西の早川と東の酒匂川を大外堀としてその距離と同程度の距離で北側を囲いました(位置関係)。

 

 戦国期の小田原城の位置は、現在のコンクリートの天守閣のある場所から東海道線の通る谷間を超えて西方の台地上(小峯に至る八幡山)であったのか、その台地から北側に続く、谷津という場所にあったのか本当の所、推測の域を出ていないといいます。

私は八幡山説がしっくりきていますが・・・。
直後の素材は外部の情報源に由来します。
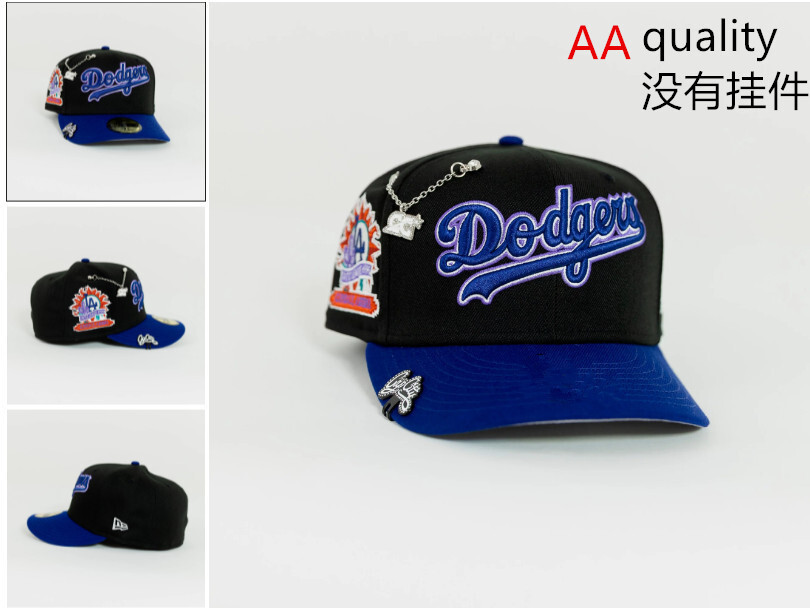 Comercio exterior transfronterizo al por mayor 2026 AA gorra de boca de pato bordado tridimensional ajustable gorra de hip-hop Yankees Dodgers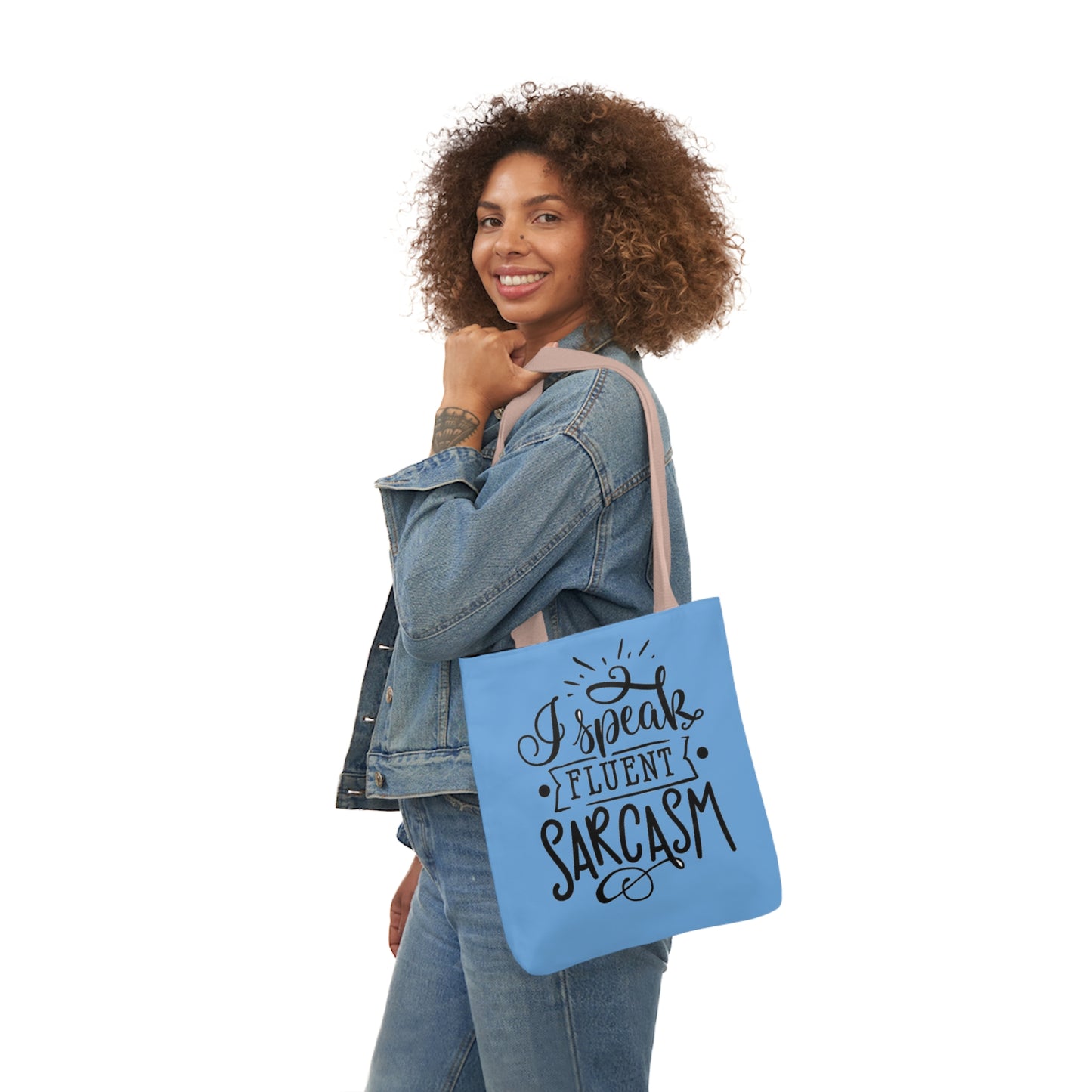 I Speak - Canvas Tote Bag, 5-Color Straps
北条以前の大森氏となると有力説は小田原駅よりも北側です。

どちらも「城山」という地名になっている場所ですね。

 

 では現在の天守閣の位置は何だったかといえば(本丸の可能性も否定はできませんが・・・二城別郭)、おそらく出丸か何かだったかも知れません。

 

 現在は東部の酒匂川までの平坦地は開発が進んで住宅地となって目立った遺構は少々を残すまでですね。

もっともこれは江戸幕府の意向で、「江戸に向かった構え」は不要ということから早々に撤去されたものです。

空堀や土塁といったあきらかな地形的残存遺構は市街地にあって埋め戻され、多方面に利用されて消失するのが常ですが、比較的それらを目視、あるいは類推できる場所が多く残るのが北西部ということになります。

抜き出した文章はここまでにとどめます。